6. The deadline for filing an 83(b) election is 30 days after the date of issuance. Doing so involves submitting paperwork to the IRS. The recipient and their spouse (if applicable) must sign the choice. In addition to submitting his annual tax return, the taxpayer must also submit a duplicate of his 83(b) election for that year. These regulations are particular and must be followed precisely.

In sum, enlist expert assistance to get the job done right.

So concludes our sightseeing trip designed to enlighten the founder about the 83(b) ballot. This is not exhaustive, and no action should be taken in this field without consulting with an experienced business lawyer. Use this as a foundation for further study, and then hire qualified experts to assist you in putting the necessary pieces into place.

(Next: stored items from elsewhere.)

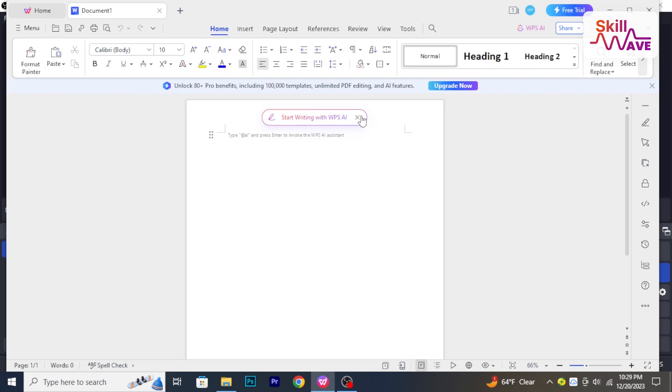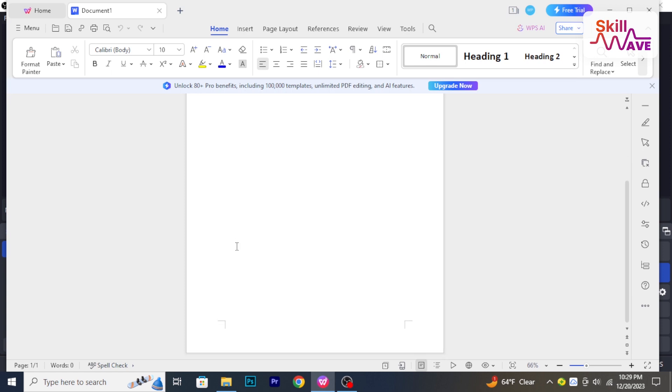Hello everyone, welcome back to Skill Web. In this video, I will show you how to put a signature in WPS Office. So let's have a look now.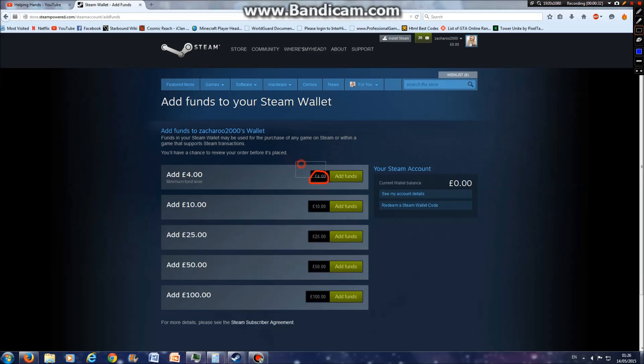The minimum amount you can pay is £4, so you could add £4.01p.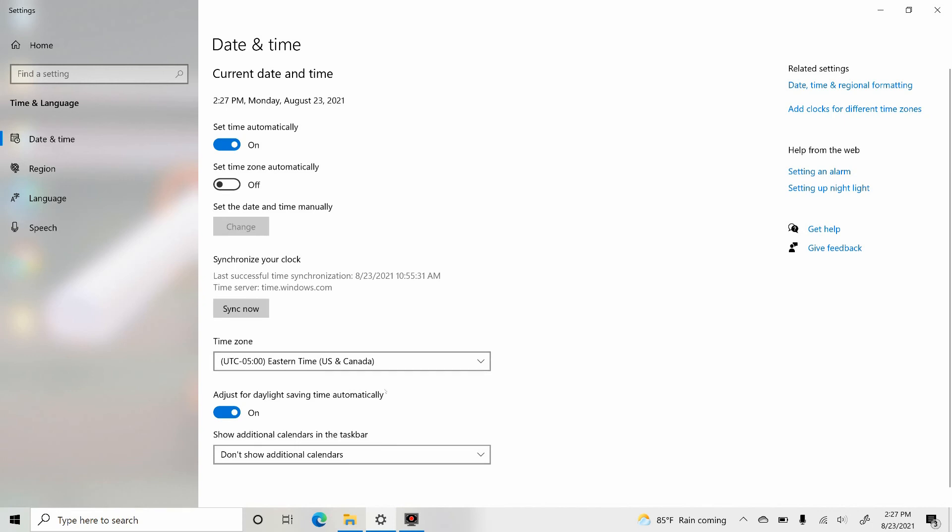And we have another quick setting to adjust the daylight saving time. So if your local area is observing the daylight savings, then turn it on so that it will automatically adjust the daylight saving for you.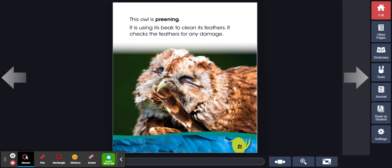This owl is preening. It is using its beak to clean its feathers. It checks the feathers for any damage.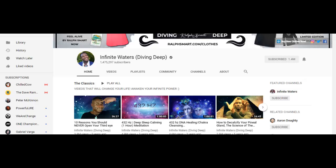This is a case study of the YouTube channel Infinite Waters Diving Deep, and this YouTuber, his name is Ralph Smart. He's a very charismatic individual and the subjects that he talks about are almost anything related to new age health, spirituality, and self-help. There's probably other topics that I didn't mention, but you could go ahead and visit Infinite Waters and check out all his videos.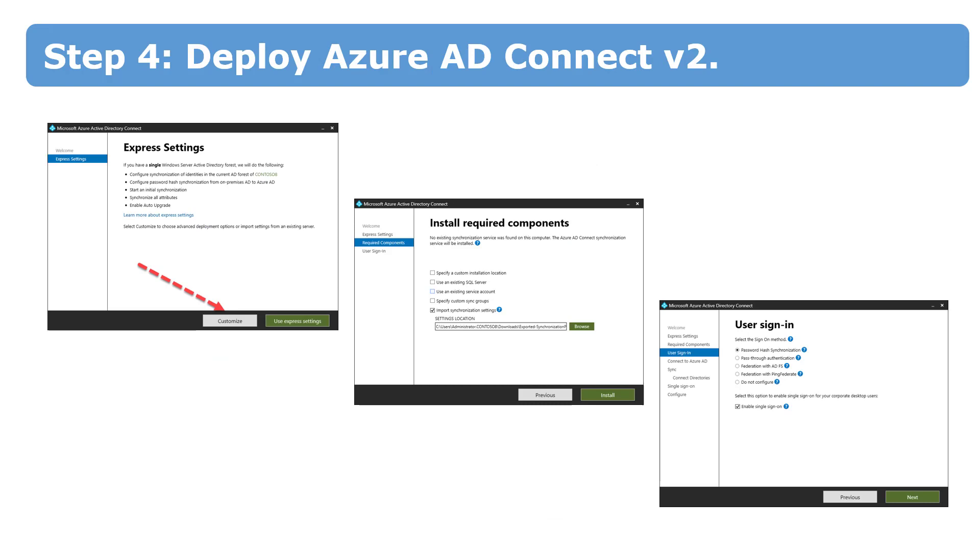Step number four. We are starting to deploy the new Azure Active Directory Connect server. But at the same time, the old server keeps working. We did nothing with the old server, of course, except exporting configuration. It means that our old Azure Active Directory Connect server keeps working right now.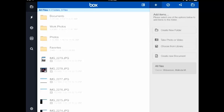When you first log into Box, this is what you will see. It shows you all files, so if you've uploaded any files from another computer, from another device, perhaps your iPhone or a similar phone, then they will appear here — folders and files.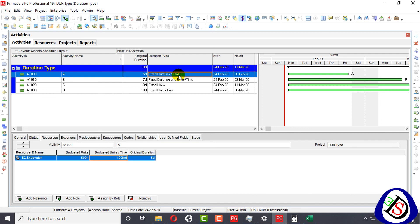This is the end of the content on duration types. If you like my videos, please press the like button and subscribe to my channel if you haven't yet. Don't forget to press the bell icon to get notifications for my latest upcoming videos.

George Grellas, 2009, all rights reserved.

Author Notes

George Grellas is a business and company lawyer in Silicon Valley who focuses on helping startups. Since 1984, his firm of startup business lawyers has assisted several thousand entrepreneurs and their companies in Silicon Valley and around the globe. The firm handles corporate work, employment work, contracts, leases, standard terms, licensing, trademarks, IP work, founder and equity incentive structures, and commercial transactions. The company, corporate, contract, fraud, trade secret, unfair competition, employment, company break-ups, and commercial litigation, in general, are all areas in which the firm has experience.

The essay was initially published in the firm’s startup business attorney advice section of their website, where you can also find similar pieces in the Startup Law 101 Series.

Disclaimer

This document is not intended to, and should not be used as, legal counsel. The text only provides broad educational guidelines. Talk to a counselor near you about your specific situation.